- The FBI and the US DoJ dismantled the Qakbot botnet, which is one of the largest and most sophisticated botnets in the world.
- The botnet was used to carry out financial fraud, ransomware attacks, and other cybercrimes, resulting in losses of hundreds of millions of dollars to businesses and individuals across the US and abroad.
- The dismantling of the botnet was a multinational operation involving law enforcement agencies from France, Germany, Romania, the Netherlands, Latvia, the US, and the UK.
- The FBI obtained lawful access to the botnet’s infrastructure and redirected its traffic to Bureau-controlled servers. This instructed the compromised computers to download an uninstaller file that removed the malware.

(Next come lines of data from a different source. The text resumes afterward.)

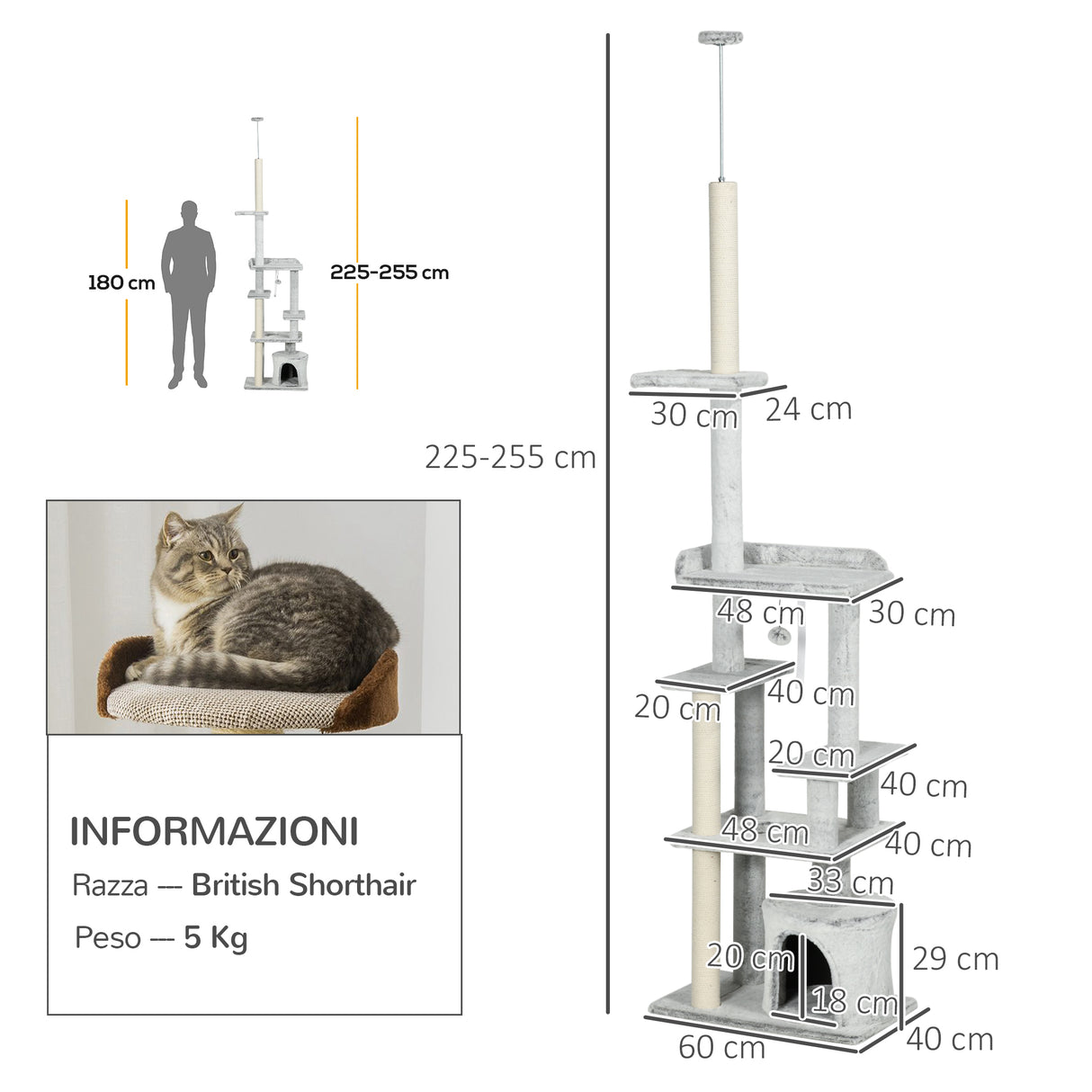 easycomfort easycomfort albero tiragraffi per gatti a soffitto con piattaforme e casetta 60x40x225 255cm grigio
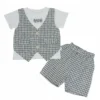 Boys Checkered 3-Piece Outfit Set – Imported Summer Outfit front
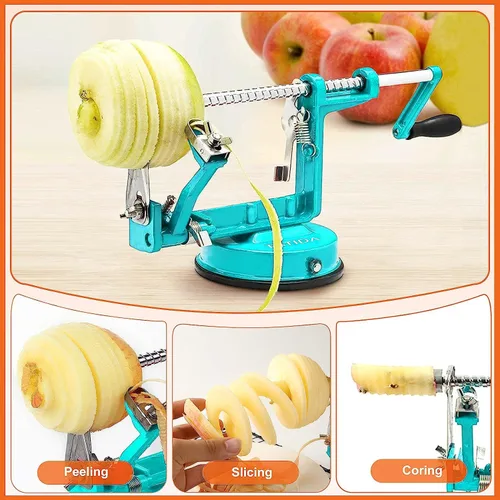 Miniatura 4 de Descorazonador pelador de manzanas, pelador de manzanas de hierro fundido cromado de larga duración con cuchillas de acero inoxidable y potente base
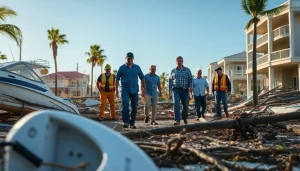 Assessing Florida hurricane damage with professional recovery teams amidst coastal destruction.
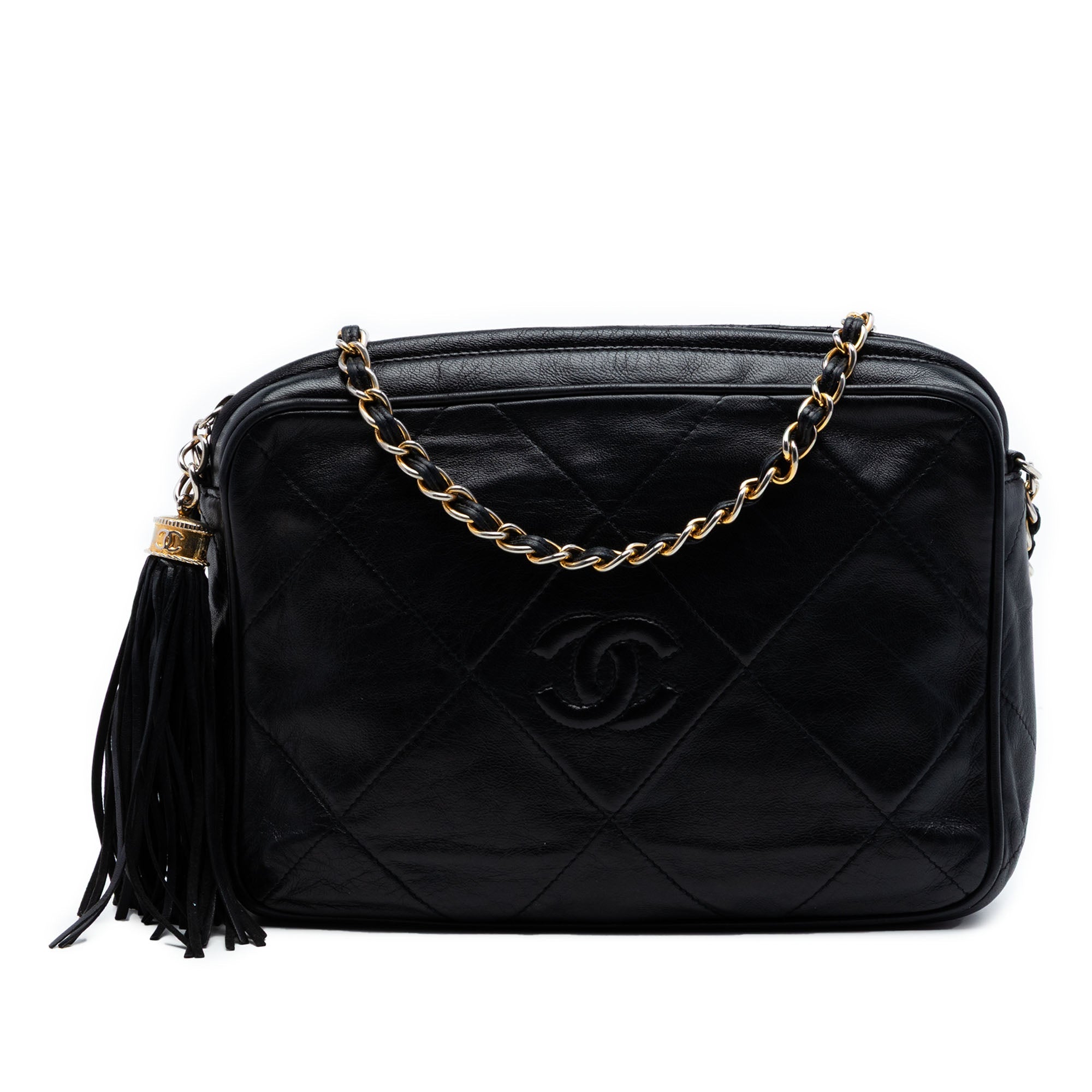 CC Quilted Lambskin Tassel Camera Bag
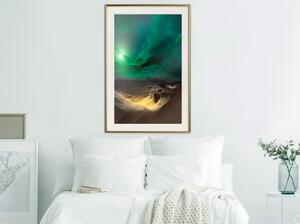 Inramad Poster / Tavla - Green Moon - 20x30 Guldram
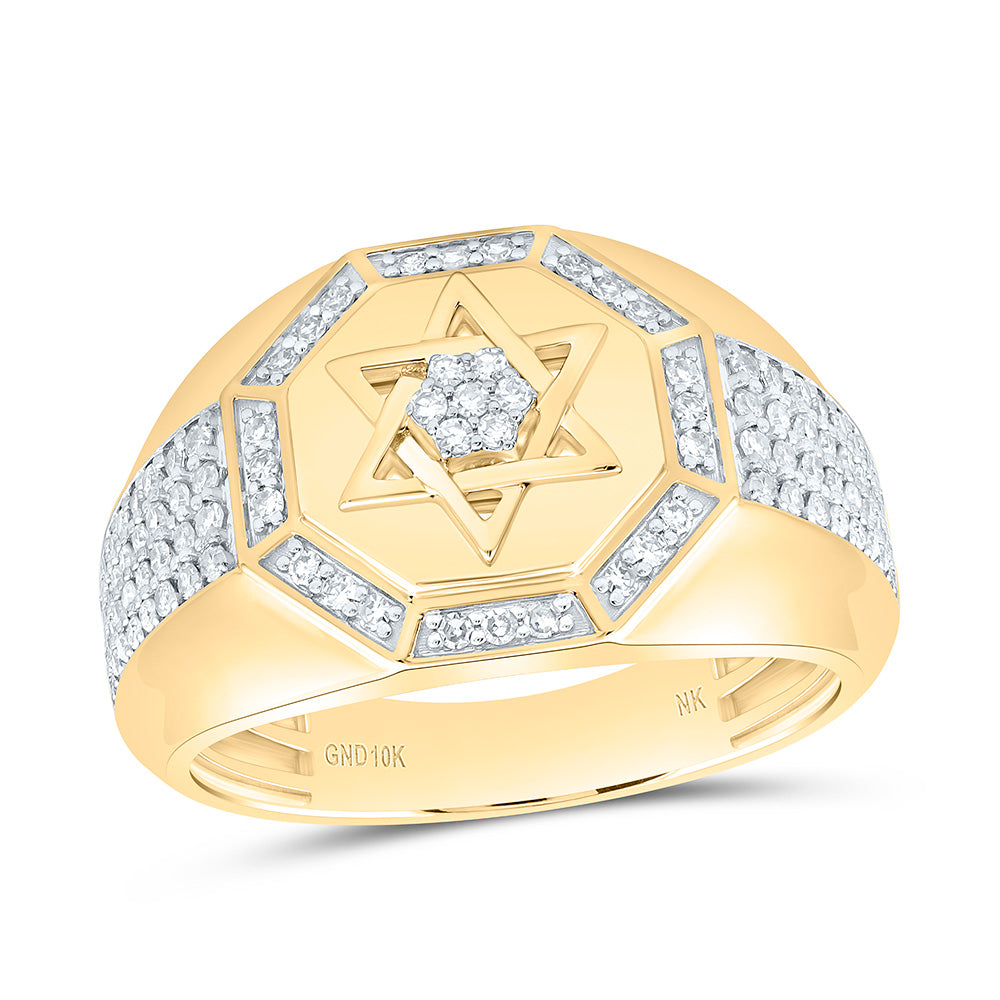 10k Gold 1/2 CTW-Natural Diamond Star Of David Mens Ring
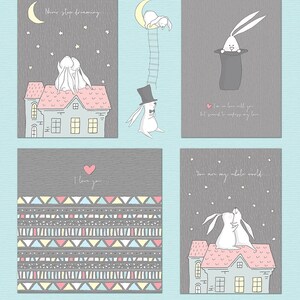 K&ouml;nnte beinhalten: Ein Set mit 10 druckbaren Gru&szlig;karten mit niedlichen Hasenillustrationen und verschiedenen Botschaften, darunter "Frohe Ostern", "Ich liebe dich mehr als Karotten", "Wo fallen die Sterne?", "H&ouml;r niemals auf zu tr&auml;umen", "Ich liebe dich", "Du fehlst mir", "Du bist meine ganze Welt", "Sei mein Valentinstag", "Der Richtige wird dich finden", und "Danke".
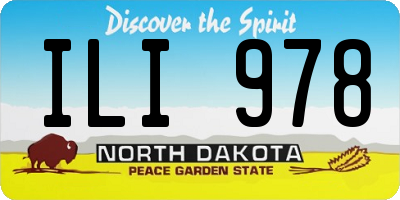 ND license plate ILI978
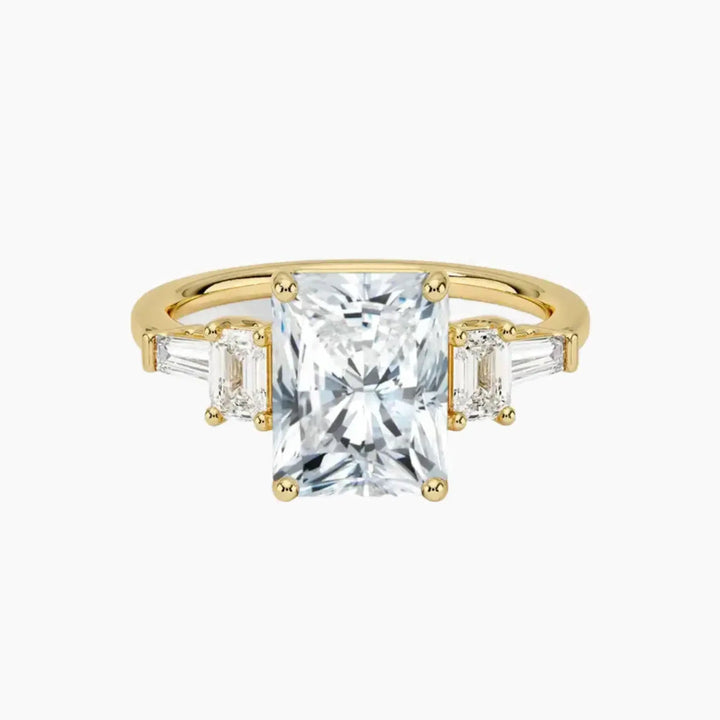 Delphine Five Stone Radiant Designer 2 Carat Lab Grown Diamond Engagement Ring in 14K Yellow Gold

- The department also confirmed seizing around $8.6 million in cryptocurrency in illegal profits (extorted funds).
The US Federal Bureau of Investigation (FBI) has confirmed the dismantling of notorious malware and botnet called Qakbot (QBot and Pinkslipbot). The FBI and the US DoJ (Department of Justice) announced in a joint press release on August 29 that the dismantling was possible through a multinational operation in which law enforcement agencies from France, Germany, Romania, the Netherlands, Latvia, the US, and the UK participated.
Per the DoJ’s press release, this is the largest ever botnet infrastructure’s financial and technical disruption facilitated by the USA. Qakbot botnet was developed in 2008 and used to carry out financial fraud, ransomware attacks, and other cybercrime.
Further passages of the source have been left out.